Aim of the exercise: Go to the line with "Warszawa, 1947-11-01. Msza" in the entries below and write out every line from there through the line with "Image 18 of 47: Entry", exactly and without pictures.

Input:

- - - - -

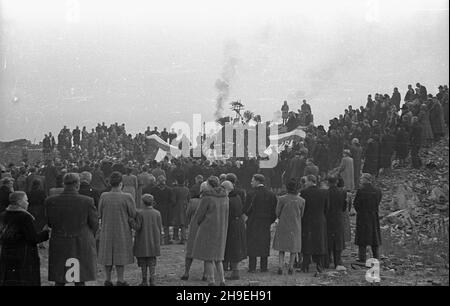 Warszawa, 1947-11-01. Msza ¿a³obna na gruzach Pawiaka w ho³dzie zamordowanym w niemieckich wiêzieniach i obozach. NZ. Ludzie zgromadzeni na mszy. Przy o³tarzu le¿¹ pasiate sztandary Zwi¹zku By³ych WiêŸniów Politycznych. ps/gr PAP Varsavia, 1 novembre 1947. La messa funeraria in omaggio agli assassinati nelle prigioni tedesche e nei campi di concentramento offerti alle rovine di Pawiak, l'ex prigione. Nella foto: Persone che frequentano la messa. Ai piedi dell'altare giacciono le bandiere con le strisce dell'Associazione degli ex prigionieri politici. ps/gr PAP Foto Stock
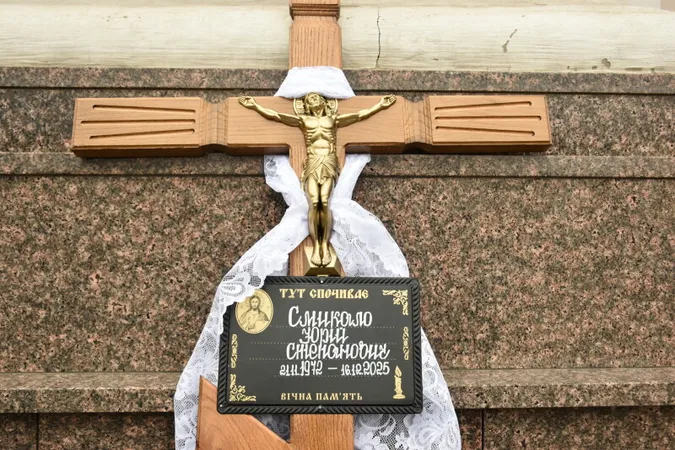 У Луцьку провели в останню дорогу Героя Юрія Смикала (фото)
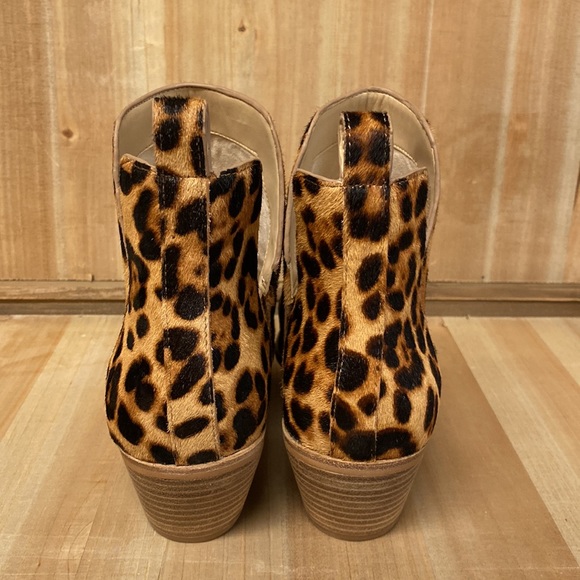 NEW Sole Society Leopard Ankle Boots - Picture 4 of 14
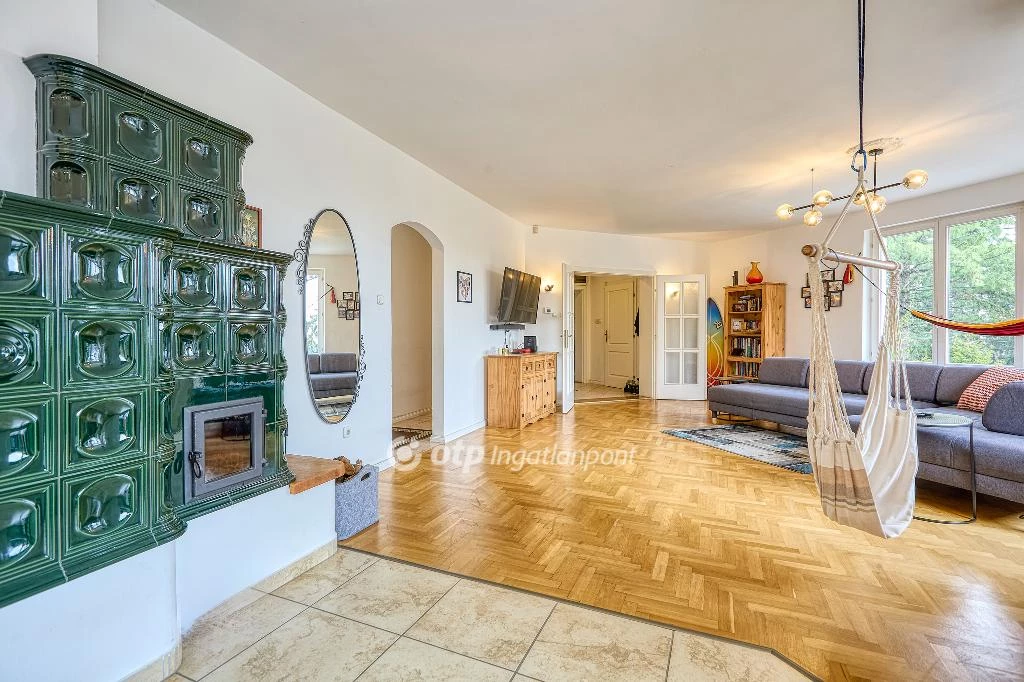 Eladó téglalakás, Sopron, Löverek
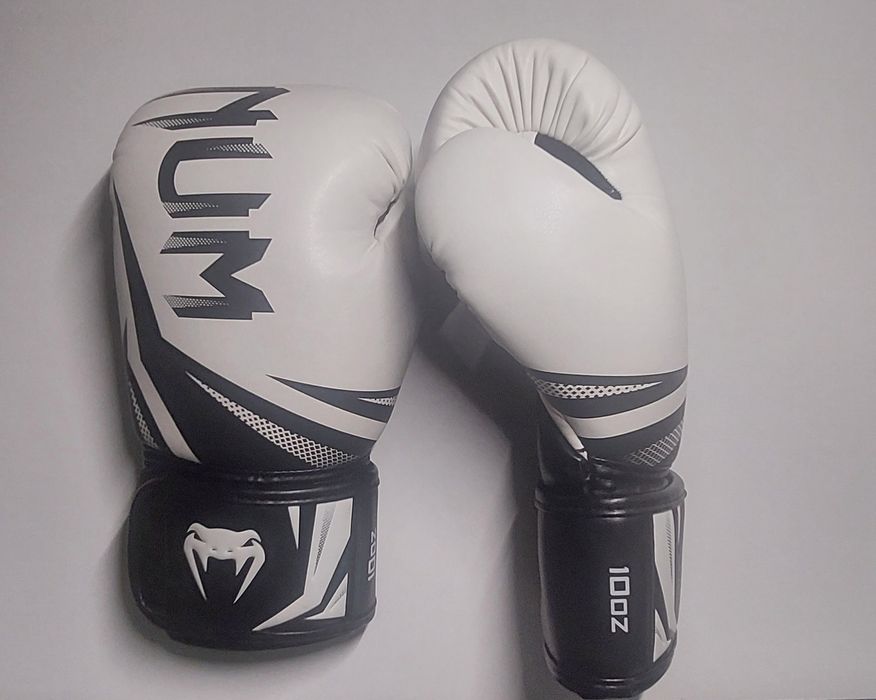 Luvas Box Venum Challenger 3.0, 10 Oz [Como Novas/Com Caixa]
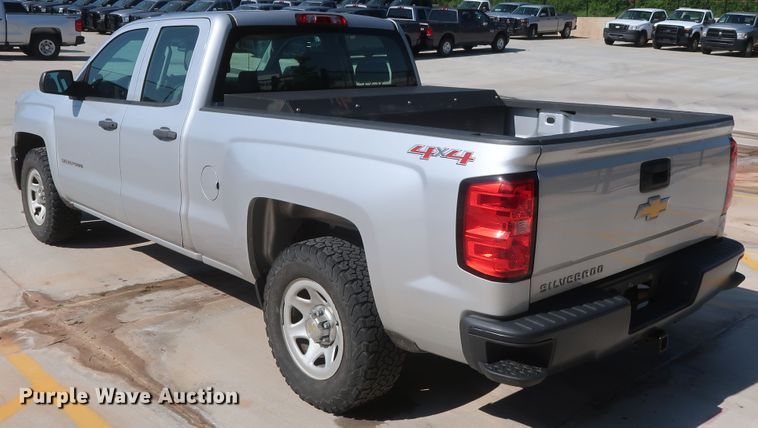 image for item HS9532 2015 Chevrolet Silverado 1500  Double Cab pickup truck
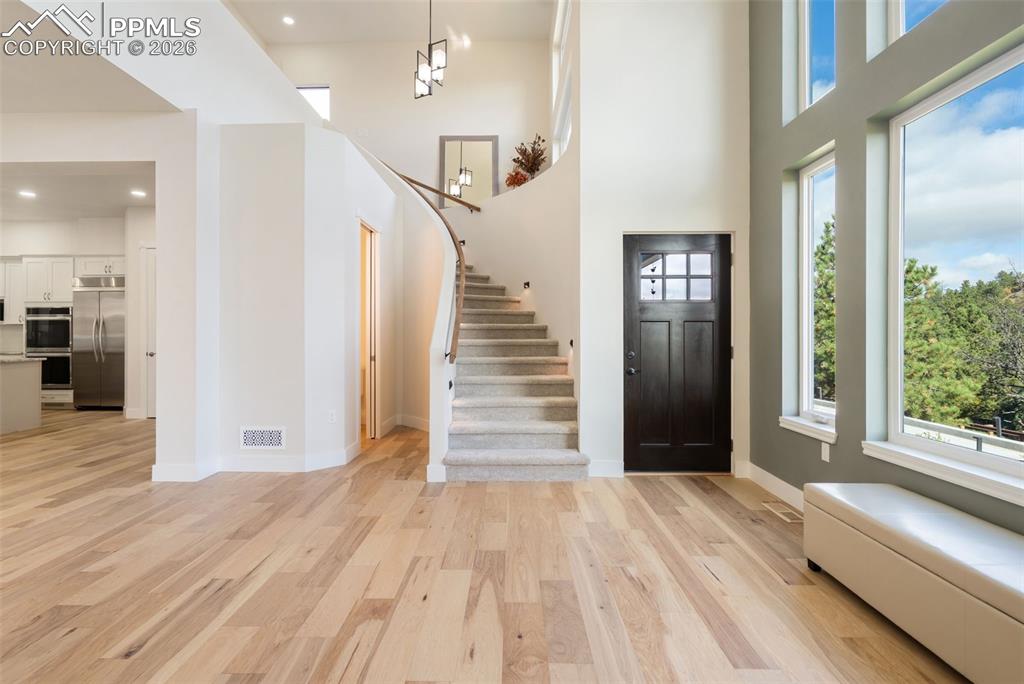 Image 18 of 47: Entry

- - - - -

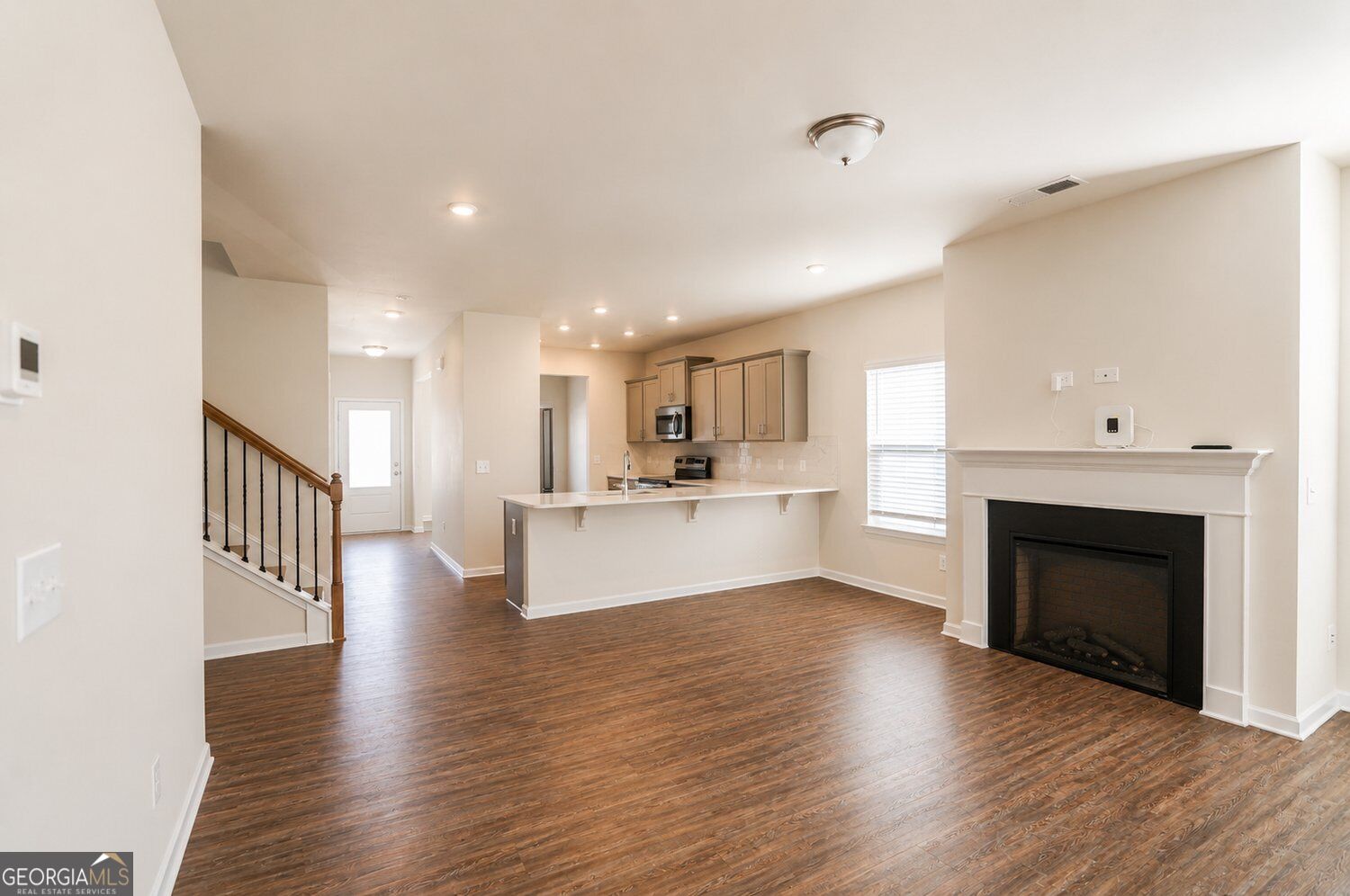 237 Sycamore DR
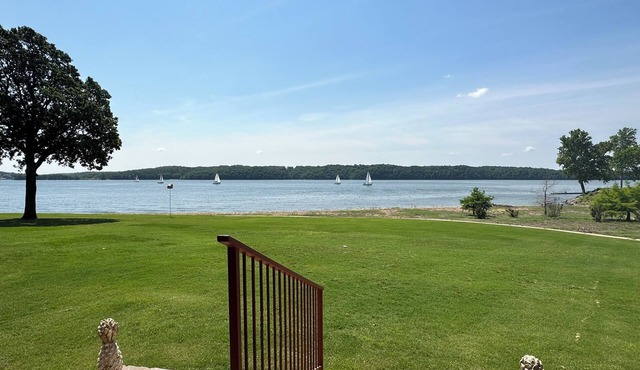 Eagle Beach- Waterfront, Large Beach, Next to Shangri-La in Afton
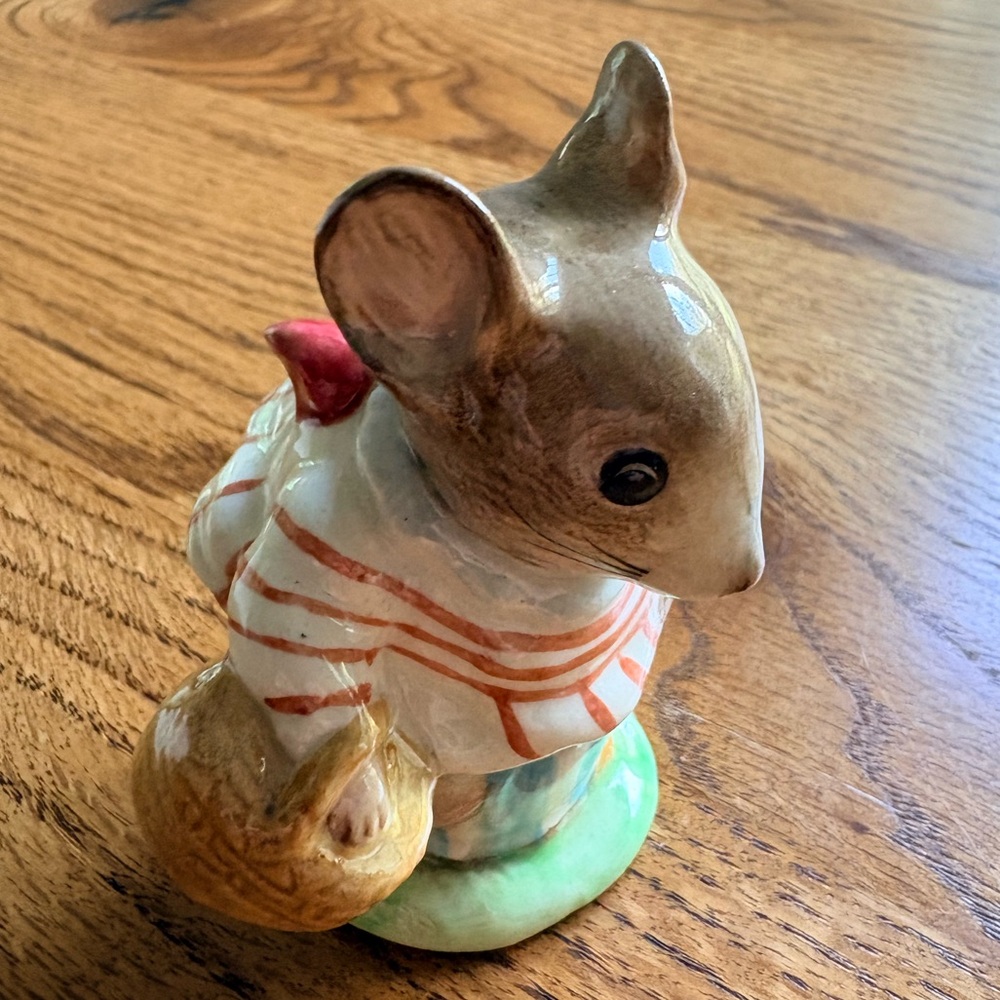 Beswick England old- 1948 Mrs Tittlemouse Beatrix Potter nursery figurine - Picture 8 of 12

- - - - -

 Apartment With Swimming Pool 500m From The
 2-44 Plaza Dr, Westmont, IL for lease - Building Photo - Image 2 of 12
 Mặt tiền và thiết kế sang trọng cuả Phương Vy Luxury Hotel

- - - - -

Result for this task:
 Warszawa, 1947-11-01. Msza ¿a³obna na gruzach Pawiaka w ho³dzie zamordowanym w niemieckich wiêzieniach i obozach. NZ. Ludzie zgromadzeni na mszy. Przy o³tarzu le¿¹ pasiate sztandary Zwi¹zku By³ych WiêŸniów Politycznych. ps/gr PAP Varsavia, 1 novembre 1947. La messa funeraria in omaggio agli assassinati nelle prigioni tedesche e nei campi di concentramento offerti alle rovine di Pawiak, l'ex prigione. Nella foto: Persone che frequentano la messa. Ai piedi dell'altare giacciono le bandiere con le strisce dell'Associazione degli ex prigionieri politici. ps/gr PAP Foto Stock
 У Луцьку провели в останню дорогу Героя Юрія Смикала (фото)
 NEW Sole Society Leopard Ankle Boots - Picture 4 of 14
 Eladó téglalakás, Sopron, Löverek
 Luvas Box Venum Challenger 3.0, 10 Oz [Como Novas/Com Caixa]
 image for item HS9532 2015 Chevrolet Silverado 1500  Double Cab pickup truck
 Image 18 of 47: Entry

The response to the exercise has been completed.